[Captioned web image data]

□ □ □

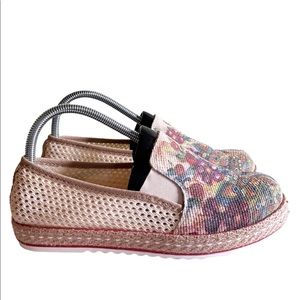 Goby Watercolor Peacock Floral Espadrilles Slick On Sneakers Size 39/8.5-9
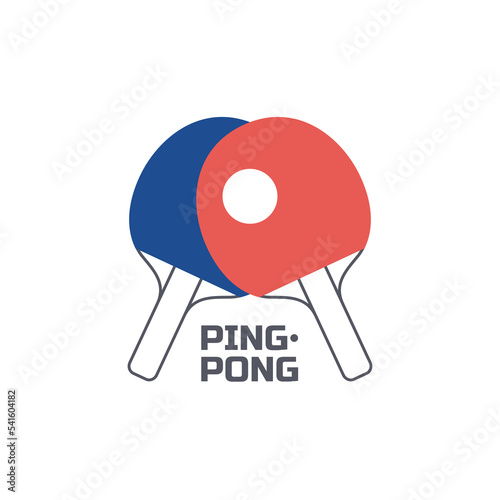 Blue and red crossed rackets, ping pong tournament equipment. Table tennis symbols. Sports club, tournament or team logo flat thin line vector illustration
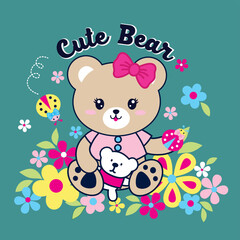 cute adorable bear with beautiful flower vector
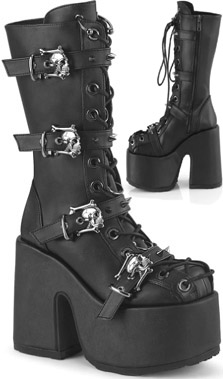  Pleaser/Demonia black pu lace up 5 inch chunky heel platform women's skull buckle Camel boot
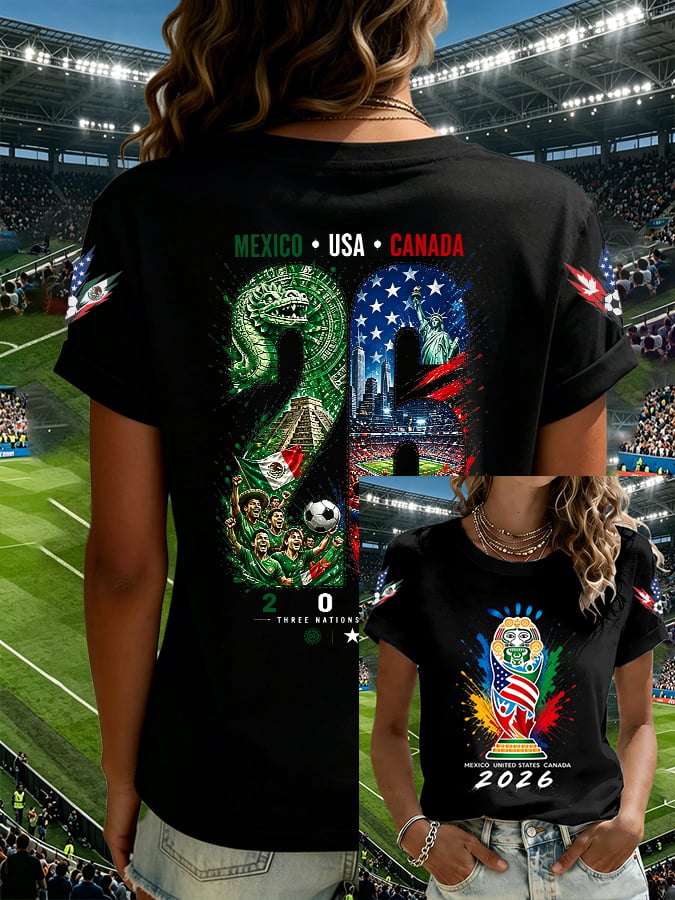 Women's Football Lovers Print V Neck T-shirt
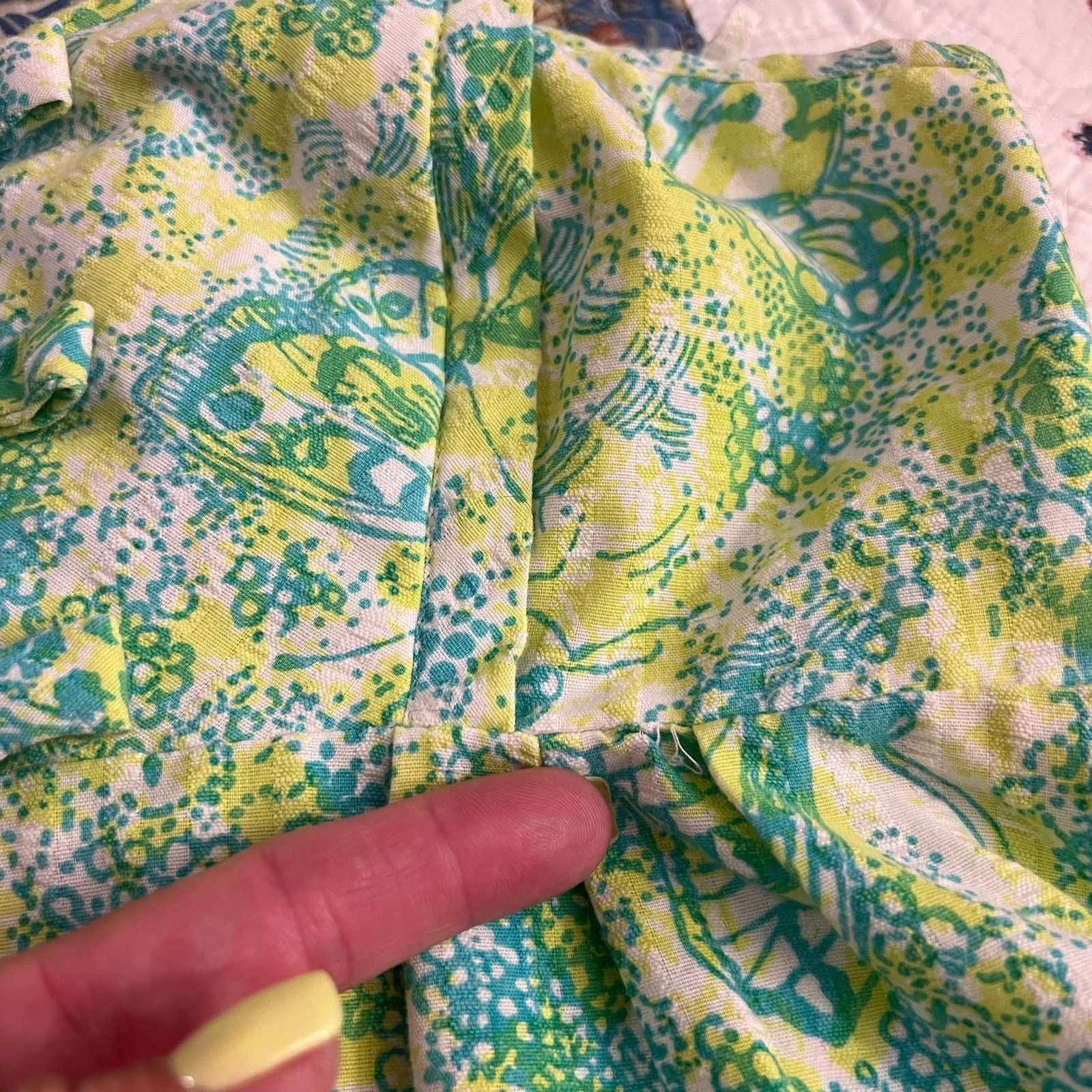 Lilly Pulitzer 60s Lilly Pulitzer Blue Green Daisy Butterfly Strap Sundress Size M / US 6-8 / IT 42-44 - 13 Thumbnail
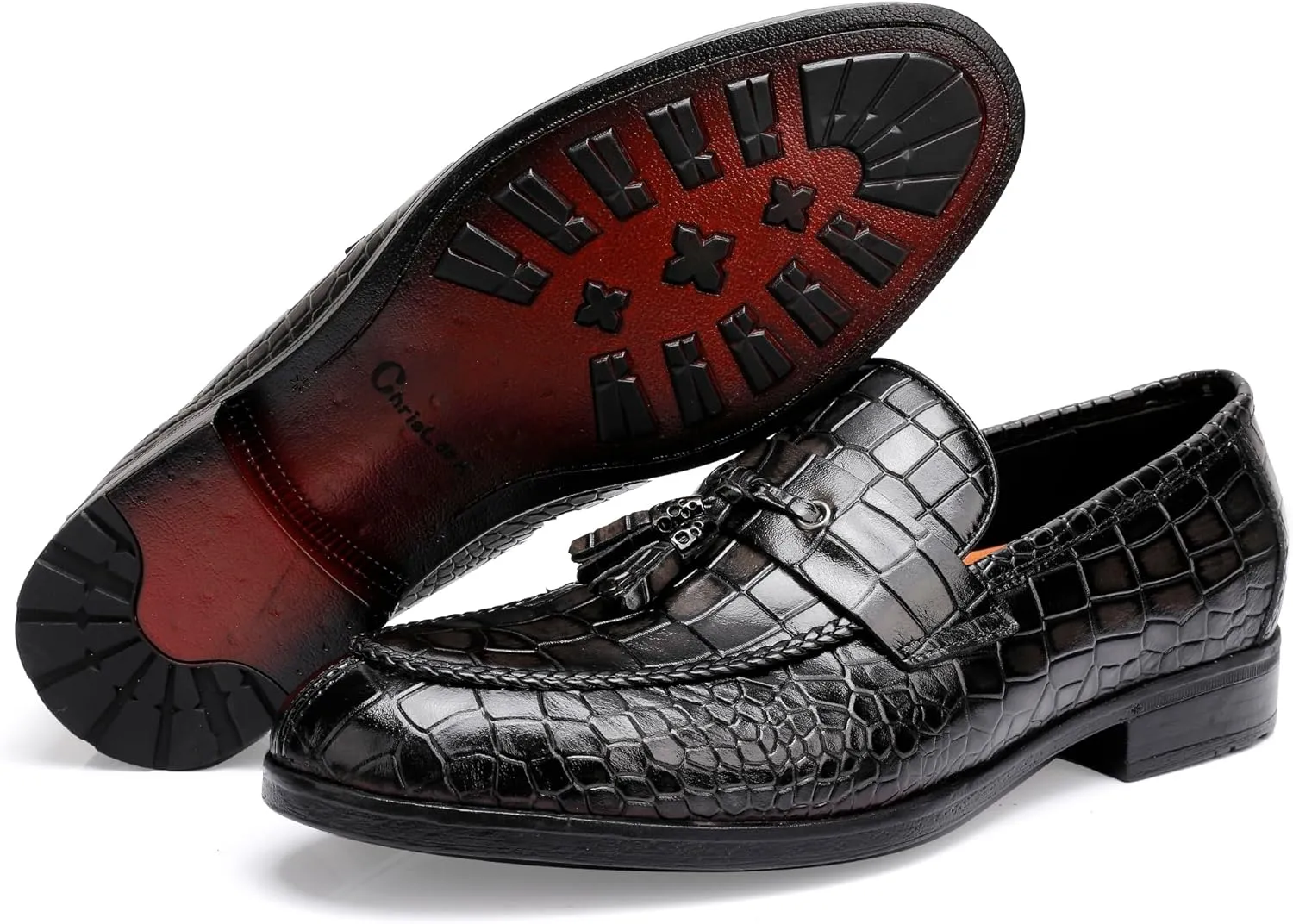 Tassels Loafers for Men, Premium Leather Crocodile Pattern Dress Shoes Slip on Loafers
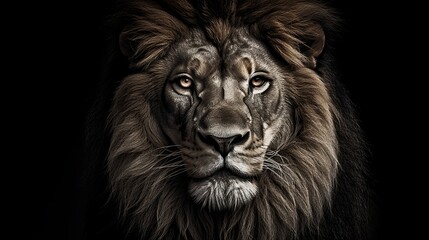 Portrait of beautiful African lionin black and white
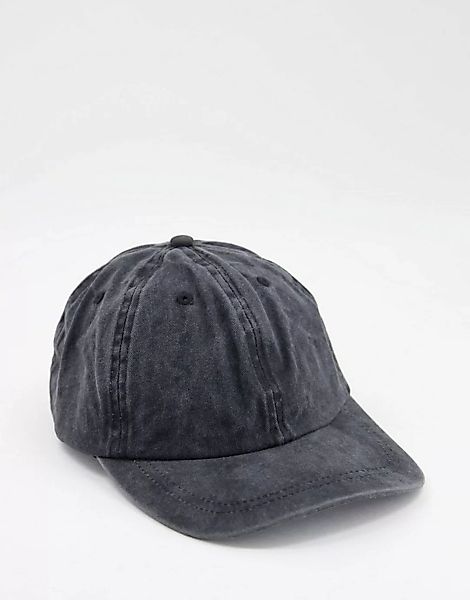 ASOS DESIGN – Baseball-Kappe aus Baumwolle in verwaschenem Schwarz günstig online kaufen
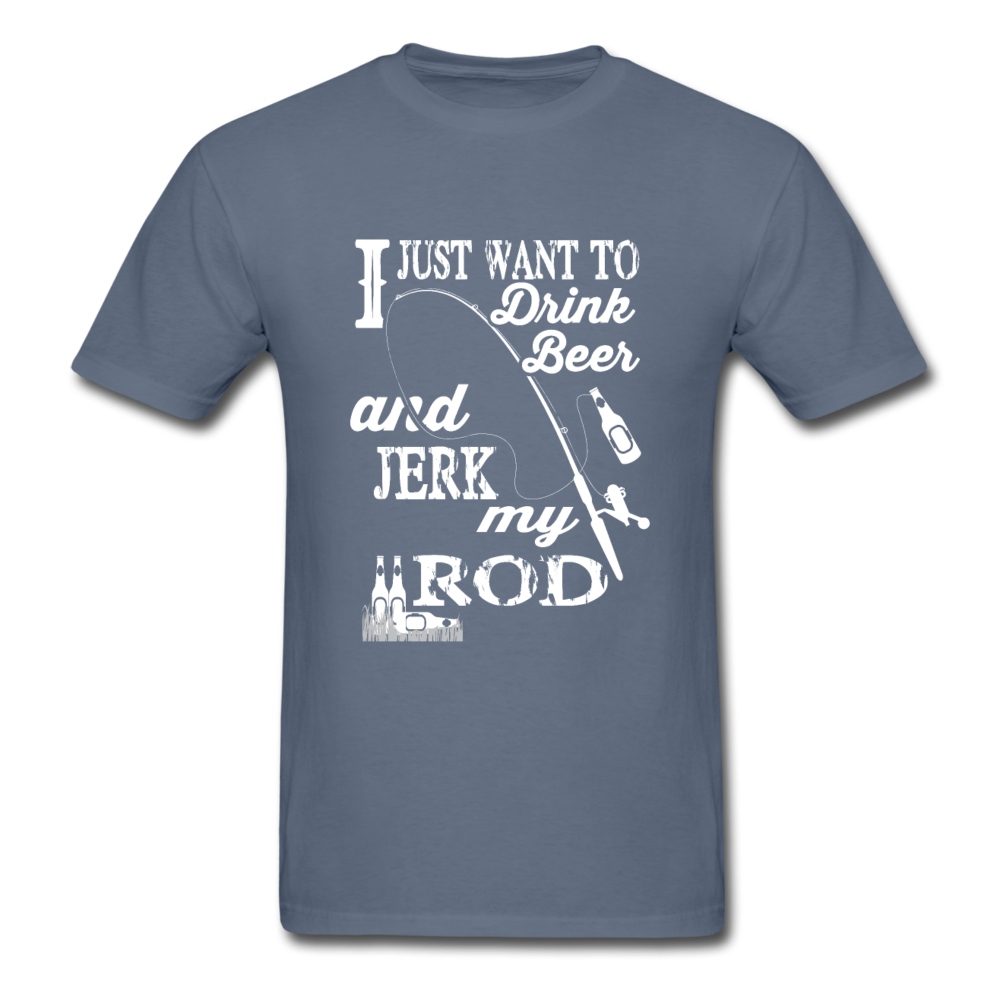 Unisex Classic Jerk My Rod Fishing T-Shirt - denim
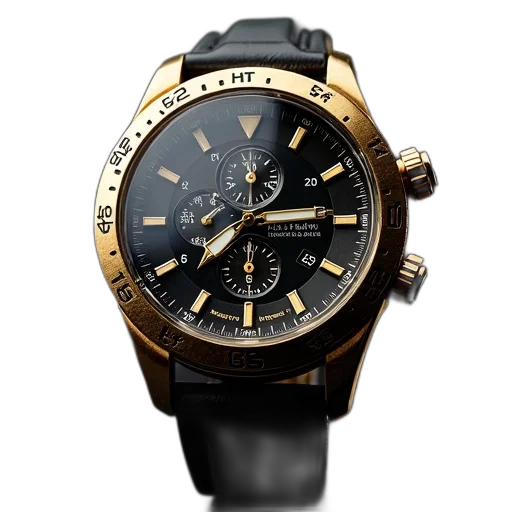 jewelry, 3d render, black, gold, wristwatch, digital, display, showing transparent PNG cut-out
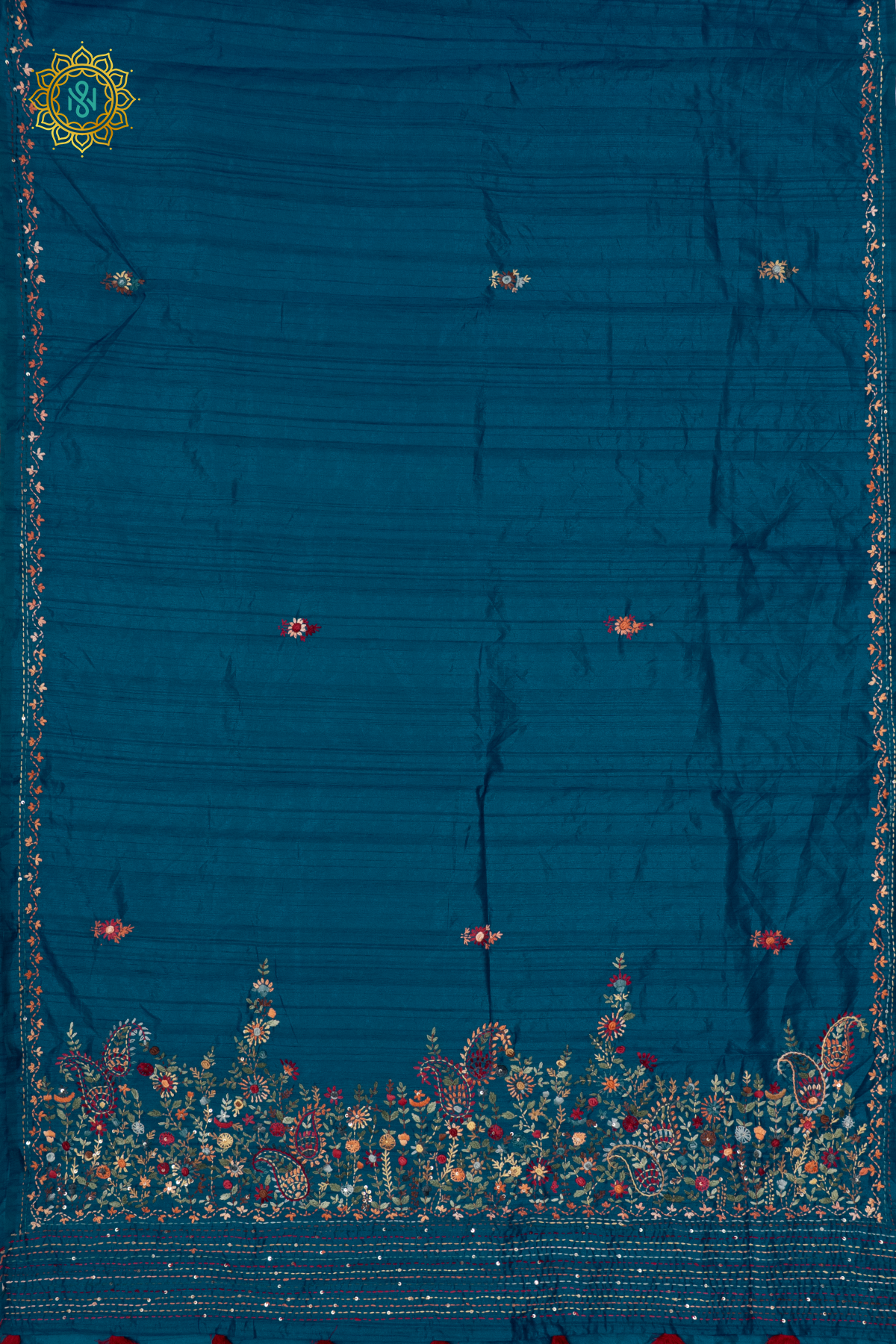 TEAL BLUE - SEMI TUSSAR SILK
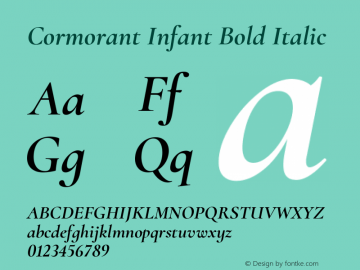 Cormorant Infant Bold Italic Version 3.303图片样张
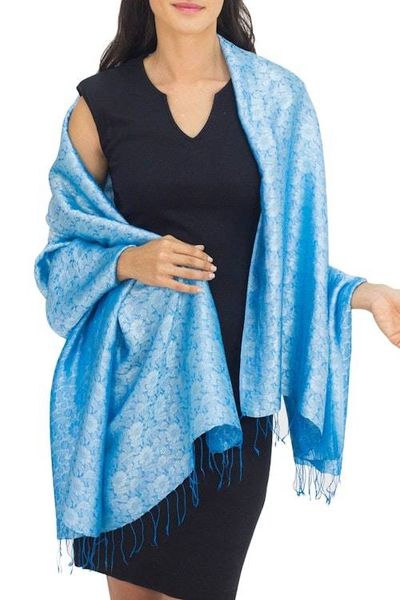 Alternate image for Artisan Crafted Blue Rayon Blend Shawl with Floral Motif Mandarin Sky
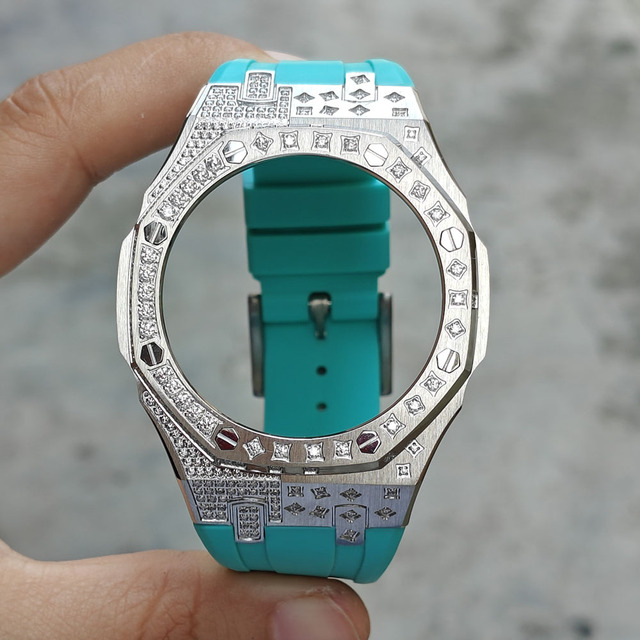 Popular Premium Xinying 316L Stainless Steel Multi-colored Setting Stone Mod Kit Silicone Strap 44mm GA2100 Watch Custom Logo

□ □ □

» **WORK INSTRUCTION**
Could you write out the records exactly while omitting every picture?

» **OUTPUT**
 Goby Watercolor Peacock Floral Espadrilles Slick On Sneakers Size 39/8.5-9
 Blue and red crossed rackets, ping pong tournament equipment. Table tennis symbols. Sports club, tournament or team logo flat thin line vector illustration
 cute adorable bear with beautiful flower vector
  Pleaser/Demonia black pu lace up 5 inch chunky heel platform women's skull buckle Camel boot
 Women's Football Lovers Print V Neck T-shirt
 Lilly Pulitzer 60s Lilly Pulitzer Blue Green Daisy Butterfly Strap Sundress Size M / US 6-8 / IT 42-44 - 13 Thumbnail
 Tassels Loafers for Men, Premium Leather Crocodile Pattern Dress Shoes Slip on Loafers
 Portrait of beautiful African lionin black and white
 ASOS DESIGN – Baseball-Kappe aus Baumwolle in verwaschenem Schwarz günstig online kaufen
 Unisex Classic Jerk My Rod Fishing T-Shirt - denim
 jewelry, 3d render, black, gold, wristwatch, digital, display, showing transparent PNG cut-out
 TEAL BLUE - SEMI TUSSAR SILK
 Cormorant Infant Bold Italic Version 3.303图片样张
 Alternate image for Artisan Crafted Blue Rayon Blend Shawl with Floral Motif Mandarin Sky
 Popular Premium Xinying 316L Stainless Steel Multi-colored Setting Stone Mod Kit Silicone Strap 44mm GA2100 Watch Custom Logo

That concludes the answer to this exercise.